Case study 3: French inflation in 1790s
Introduction
Governments have an insatiable
appetite for the wealth of their subjects. When governments find it impossible
to continue raising taxes or borrowing funds, they will invariably turn to
printing paper money to finance their growing expenditures. The resulting
inflations have often undermined the social fabric, ruined the economy, and
sometimes brought revolution and tyranny in their wake. The political economy
of the French Revolution is a tragic example of this.
Causes
Before the revolution of 1789, royal
France was a textbook example of mercantilism. Nothing was produced or sold,
imported or exported, without government approval and regulation.
While the French king’s government
regulated economic affairs, the royal court consumed the national wealth. Louis
XVI’s personal military guard numbered 9,050 soldiers; his civilian household
numbered around 4,000—30 servants were required to serve the king his dinner,
four of whom had the task of filling his glass with water or wine. He also had
at his service 128 musicians, 75 religious officials, 48 doctors, and 198
persons to care for his body.
The nobility and the clergy were
mostly exempt from paying taxes, so the tax burden fell on the “lower classes.”
When Louis XVI assumed the throne in 1774, government expenditures were 399.2
million livres, with tax receipts only about 372 million livres, leaving a
deficit of 27.2 million livres, or about 7 percent of spending. Loans and
monetary expansion that year and in future years made up the difference.
In an attempt to put the government’s
finances in order, in July 1774 the king appointed a brilliant economist,
Anne-Robert-Jacques Turgot, to serve as finance minister. Turgot did all in his
power to curb government spending and regulation. But every proposed reform
increased the opposition from privileged groups, and the king finally dismissed
him in May 1776.
It was the chaos of the king’s
finances that finally resulted in the Estates-General’s being called into
session in early 1789, followed by the beginning of the French Revolution with
the fall of the Bastille in Paris in July 1789. But the new revolutionary
authorities were as extravagant in their spending as the king. Vast amounts
were spent on public works to create jobs, and 17 million livres were given to
the people of Paris in food subsidies.
On March 17, 1790, the revolutionary
National Assembly voted to issue a new paper currency called the assignat, and
in April, 400 million were put into circulation. Short of funds, the government
issued another 800 million at the end of the summer. By late 1791, 1.5 billion
assignats were circulating and purchasing power had decreased 14 percent. In
August 1793 the number of assignats had increased to almost 4.1 billion, its
value having depreciated 60 percent. In November 1795 the assignats numbered
19.7 billion, and by then its purchasing power had decreased 99 percent since
first issued. In five years the money of revolutionary France had become worth
less than the paper it was printed on.
Effect
The effects of this monetary collapse
were fantastic. A huge debtor class was created with a vested interest in the
inflation because depreciating assignats meant debtors repaid in increasingly
worthless money. Others had speculated in land, often former Church properties
the government had seized and sold off, and their fortunes were now tied to
inflationary rises in land values. With money more worthless each day,
pleasures of the moment took precedence over long-term planning and investment.

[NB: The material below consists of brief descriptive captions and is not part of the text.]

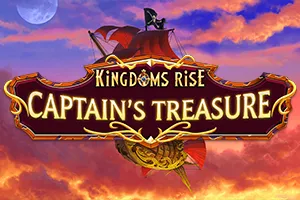 Kingdoms Rise: Captains Treasure™ - JFGAMING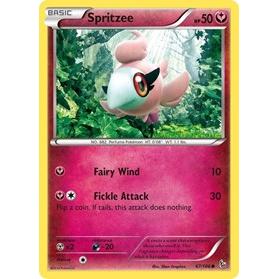 Spritzee Pokemon
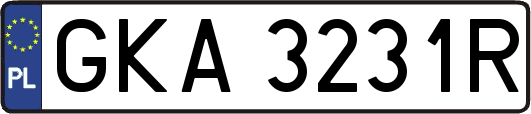 GKA3231R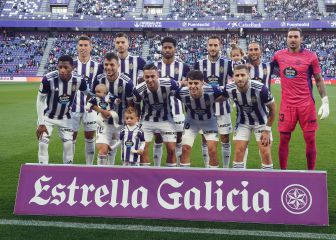 El Pucela es el décimo equipo que más goles recibe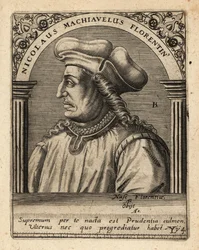 Machiavelli, Italian diplomat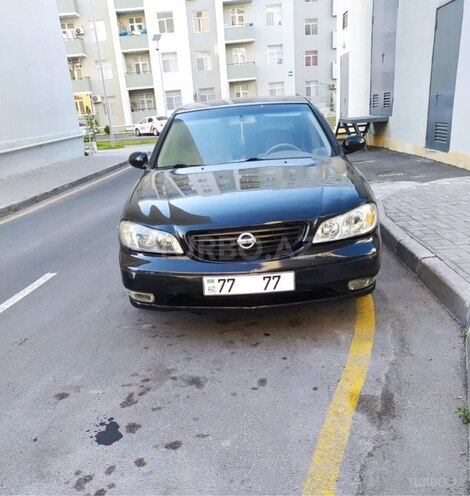 Nissan Maxima 2002, 400,000 km - 3.0 l - Bakı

Goods were hoarded—and thus became
scarcer—because sellers expected higher prices tomorrow. Soap became so scarce
that Parisian washerwomen demanded that any sellers who refused to sell their
product for assignats should be put to death. In February 1793, mobs in Paris
attacked more than 200 stores, looting everything from bread and coffee to
sugar and clothing.
On whom did the burden of the
inflation mostly fall? The poorest. Financiers, merchants, and commodity
speculators who normally participated in international trade often could
protect themselves. They accumulated gold and silver and sent it abroad for
safekeeping; they also invested in art and precious jewelry. Their speculative
expertise enabled many of them to stay ahead of the inflation and to profit
from currency fluctuations. The working class and the poor in general had
neither the expertise nor the means to protect the little they had. They were
the ones who ended up holding the billions of worthless assignats.
Measures
Finally, on December 22, 1795, the
government decreed that the printing of the assignats should stop. Gold and
silver transactions were permitted again after having been banned and were
recognized as legally binding. On February 18, 1796, at 9 o’clock in the
morning, the printing presses, plates, and paper used to make assignats were
taken to the Place Vendôme and before a huge crowd of Parisians were broken and
burned.
Price Controls Follow
As the inflation grew worse, an outcry
was heard from “the people” that prices must be prevented from rising. On May
4, 1793, the National Assembly imposed price controls on grain and specified
that it could only be sold in public markets under the watchful eye of state
inspectors, who were also given the authority to break into merchants’ private
homes and confiscate hoarded grain and flour. Destruction of commodities under
government regulation was made a capital offense.